Sunday, May 20, 2007

Nanzenji

After visiting Ginkakuji, I decided to walk down the Philosopher's Path towards Nanzenji. I'm not sure why I decided on this temple--perhaps it was simply the enormous entrance gate (not pictured here), or perhaps it was the Lonely Planet entry, which claimed it was a nice quiet place. Nonetheless, it was an interesting temple.



As you can see, the leaves were just starting to turn yellow and red at this point--apparently, the momiji (red leaves) were late that autumn. It was a pretty standard temple, but the grounds were absolutely huge--a large variety of different buildings and mysterious walls. Back behind the temple, paths stretched up into the mountains and off into the countryside for what seemed to be a very long ways indeed.



Here's what appears to be a gate of some sort--although not the colossal entrance gated that lured me in.

After wandering around the temple and checking out any interesting artifacts, I headed up into the forest. According to Lonely Planet, there was some kind of cool shrine/temple behind the main area, and it was usually pretty deserted. I still don't know if I found it or not, but what I did find was really lovely. I walked past a small cometary, another temple, and various different cars, and up into the hills. It was unbelievably lush up there--never let anyone tell you that Japan is some kind of bleak industrial wasteland--and so green. It really reminds me of Oregon in a lot of ways. This could easily be Silver Falls Park or something, if not the cute little red bridge. I climbed up into the hills, crossing bridges and checking out little statues and shrines along the way. I passed a few people, but LP was right--there was hardly anyone up there.



I'm not sure why I took this picture, but it turned out rather beautifully. The area further up was relatively undeveloped, but someone had installed handrails and a lovely stone path here.



Admittedly, you don't really get trees like this in Oregon. It was really fantastic scenery.



I chose one particular path up into the hills, and it eventually ran into a rather awesome little shrine. Unfortunately, all my pictures turned out blurry, but it was really beautiful. It was built into a cave, with water dripping down over it--not a waterfall by any means, just a small little cave and a tiny little stream. It was that peculiar mix of ancient and modern, with carved sculptures and a big blue bucket right next to each other. Like a lot of things in Japan, it was dirty and not particularly well cared for, but it was so real, so immediate, so obviously used--not just a showcase, not kept up for the tourists... For once, I felt a kind of genuine awe, the thought that at one point in time, someone had been walking through this forest and felt something. That person felt a kami in that little cave and so he or she built a shrine. And then the people who came after him left offerings, and they, in turn, built up that little shrine behind the huge sprawling temple of Nanzenji--and then one day, I arrived with my big gaijin feet and my guidebook and my camera, and felt a little of that awe all over again.

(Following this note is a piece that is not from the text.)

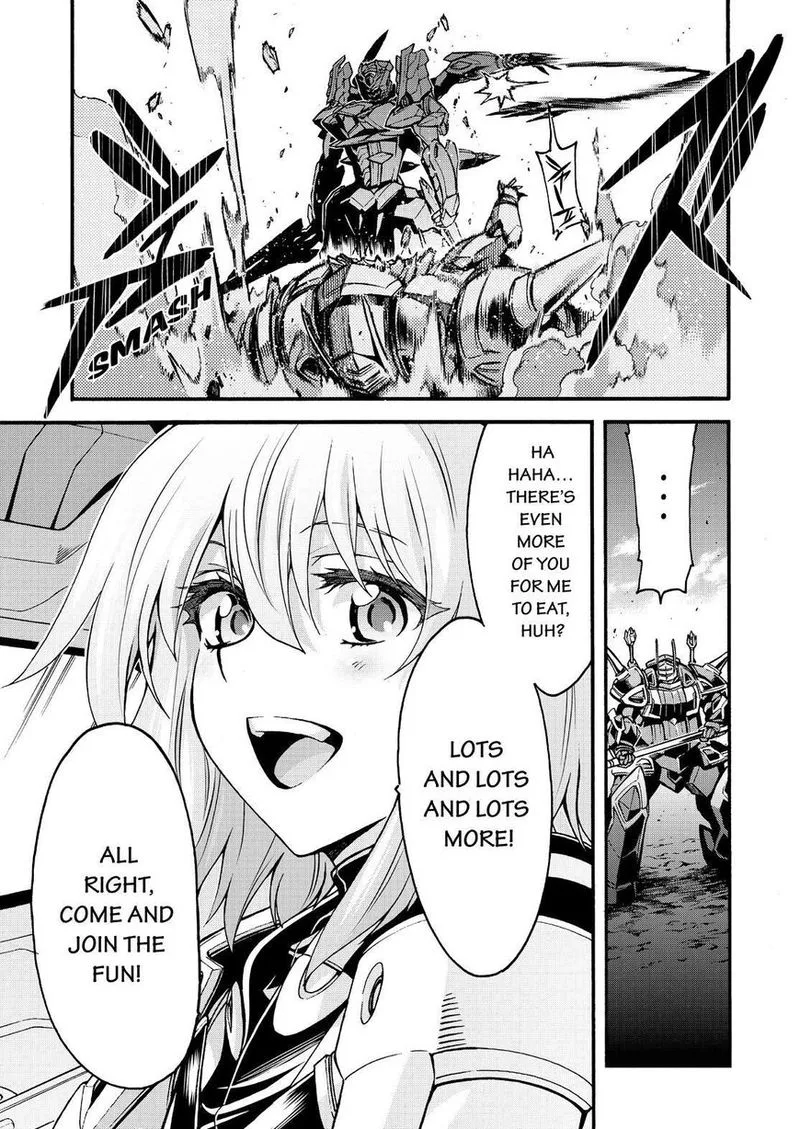 Knights & Magic Chapter 78 page 11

Back in the days of early Shintoism, people built shrines in places of extraordinary natural beauty. It was (and still is) a religion of nature--in ancient Greece, they had a term which reminds me very much of this philosophy, and it has been passed down into our modern, every day language: the genius of the place, the genius loci, a guardian spirit which dwelt in various different locales. This place had a genius.



After I climbed back down out of the hills, I walked in the opposite direction, following the old aqueduct that runs from Lake Biwa into Kyoto. This isn't the aqueduct itself, but rather what the aqueduct turns into--a kind of canal, which has an interesting beauty all of its own. There was a path running besides the canal, out into the countryside, which I was, of course, unable to resist. It led to a semi-open clearing and some strange machinery, along with a house--inexplicably thatched in the old style, and a lake, which contained a beautiful white heron. Strange, but interesting.

After that, I decided to move on. I walked along the Philosopher's Path a bit (half exploring, half just trying to find my way back to the bus stop), and I ran into a few random shrines--I was sick of the big places. Here was one of them, where a kindly old man gave me a pamphlet in English and smiled encouragingly.



Behind the shrine was a beautiful residential neighborhood, including a house no doubt belonging to the shrine's priest. There was also a stunning bamboo grove, and I got a picture just when the sun was shining the brightest. Quite amazing.



I lacked the guts to investigate further, fearing it might be private property, and ended up just wandering through a bunch of streets and houses (and the occasional temple) until I finally made it to a bus stop.